*** Data Section Begins ***
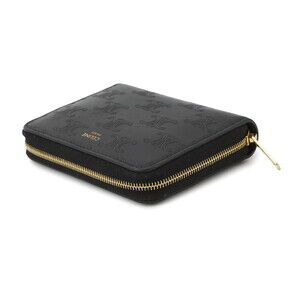 Celine Leather Wallet Triomphe Zipped Black Compact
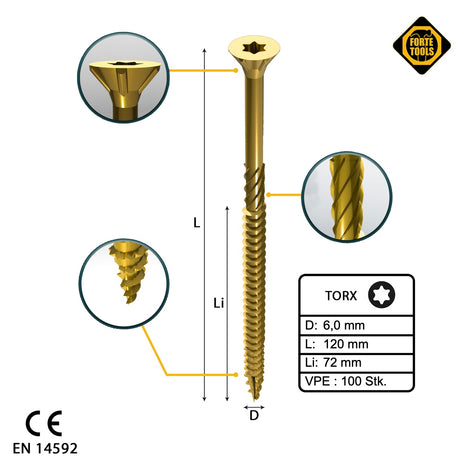 FORTE Tools Tornillo universal para madera 6,0 x 120 mm T30 100 piezas (000051399492) rosca parcial Torx cabeza avellanada galvanizada amarilla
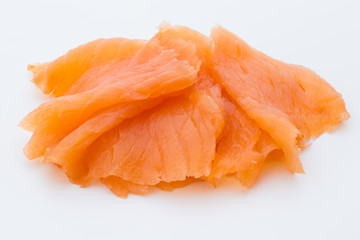 Fresh salmon fillet on isolated white.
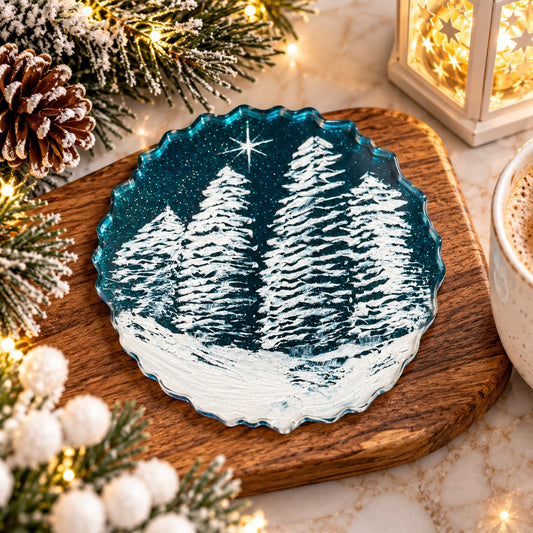 Handmade Winter Scene Resin Coasters – Set of 4 | Hand-Painted Christmas Home Decor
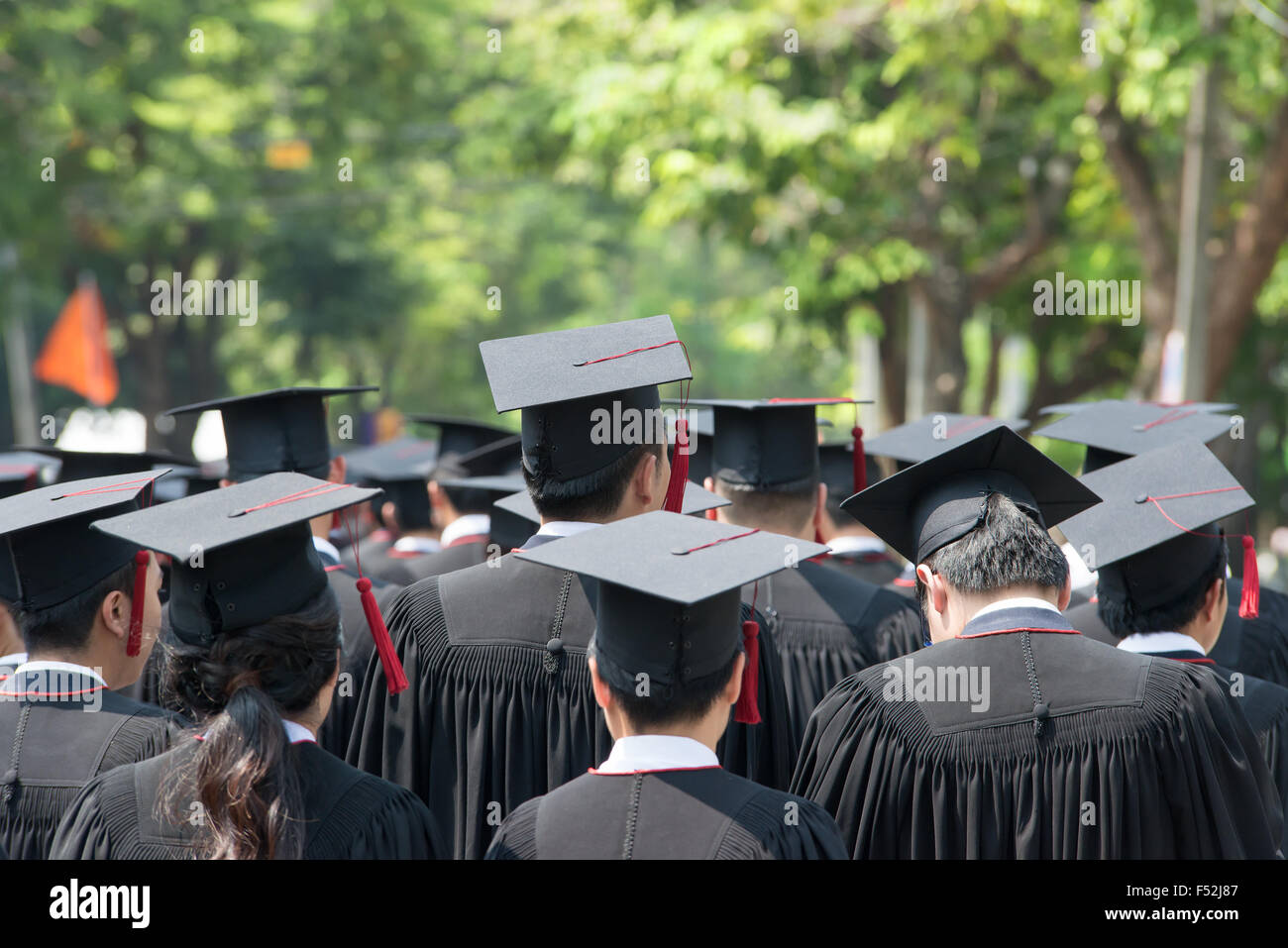 back of graduates during commencement Stock Photo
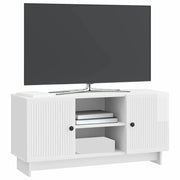 Mobile TV | Armadietto TV | Mobile Porta TV 102 x 34,5 x 50 cm Bianco Lucido Legno ingegnerizzato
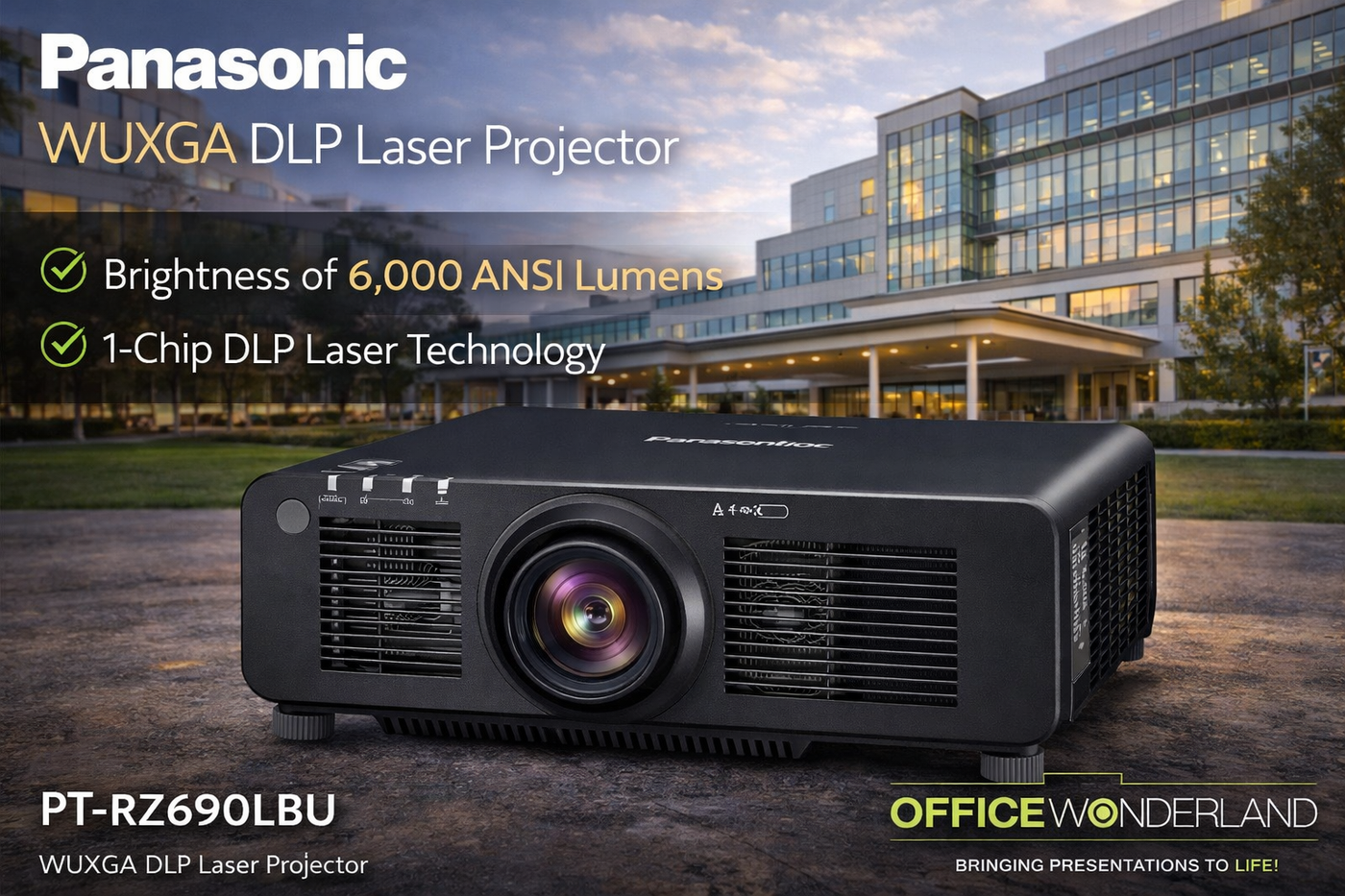 Panasonic PT-RZ690LBU WUXGA DLP Laser Projector (Open Box) 3 Year Warranty / 0 hours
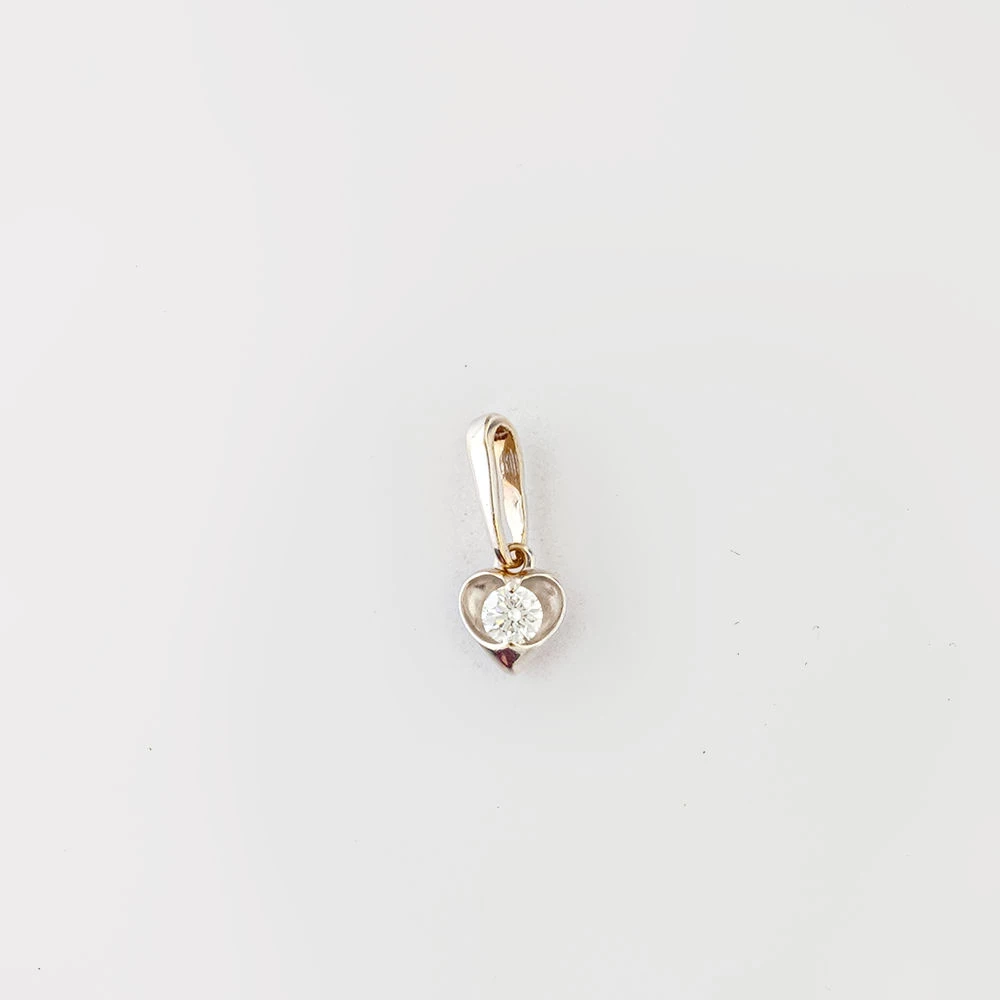 Подвес с бриллиантом из белого золота 585 пробы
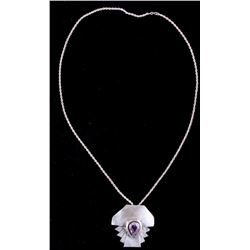 Sterling Silver Necklace With Large Amethyst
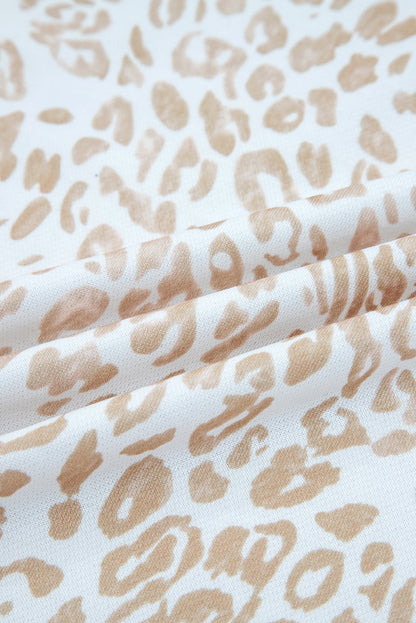 Leopard Ruffle Ribbed Trim Round Neck Sweatshirt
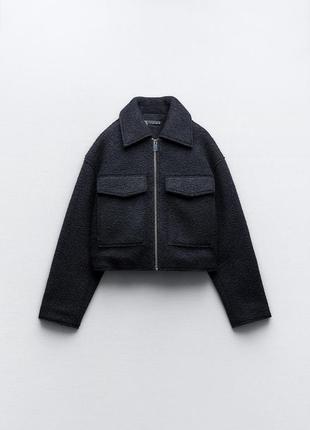 Бомбер zara куртка пиджак жакет zara xs бомбер из букле zara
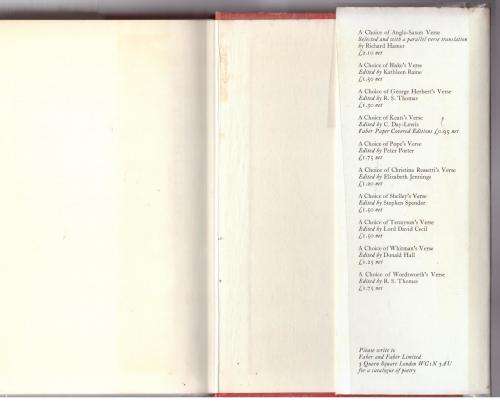 A Choice of Shakespeare`s Verse -- Ted Hughes [Compiler]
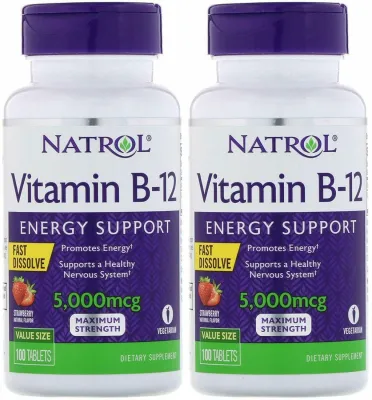 Natrol Fast Dissolving Vitamin B12 - 5000 Mcg - 100 Tabs (2 Pack)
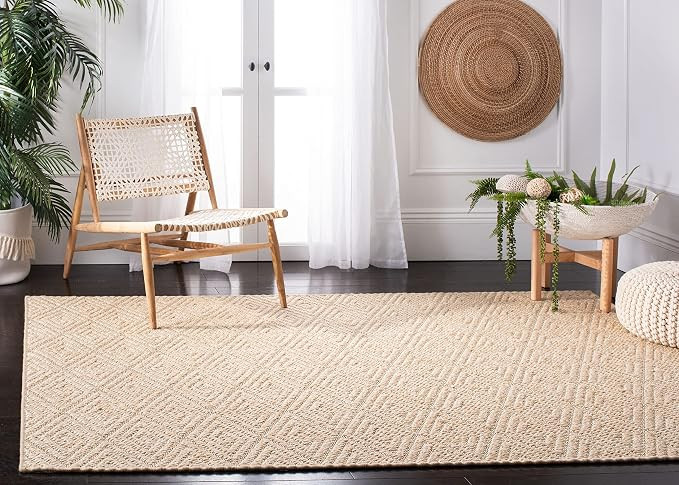 SAFAVIEH Palm Beach Collection Area Rug - 6' x 9', Beige & Beige, Sisal Design, Non-Shedding & Ea... | Amazon (US)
*** Data Section Ends ***
* Task item *
Please transcribe, word for word, every line from the first line of the records above through the line containing "Бомбер zara куртка", and leave out any pictures.

* Your response *
 Celine Leather Wallet Triomphe Zipped Black Compact
 FORTE Tools Tornillo universal para madera 6,0 x 120 mm T30 100 piezas (000051399492) rosca parcial Torx cabeza avellanada galvanizada amarilla
 Fresh salmon fillet on isolated white.
 Handmade Winter Scene Resin Coasters – Set of 4 | Hand-Painted Christmas Home Decor
 back of graduates during commencement Stock Photo
 Mobile TV | Armadietto TV | Mobile Porta TV 102 x 34,5 x 50 cm Bianco Lucido Legno ingegnerizzato
 Panasonic PT-RZ690LBU WUXGA DLP Laser Projector (Open Box) 3 Year Warranty / 0 hours
 Подвес с бриллиантом из белого золота 585 пробы
 Sterling Silver Necklace With Large Amethyst
 Leopard Ruffle Ribbed Trim Round Neck Sweatshirt
 Бомбер zara куртка пиджак жакет zara xs бомбер из букле zara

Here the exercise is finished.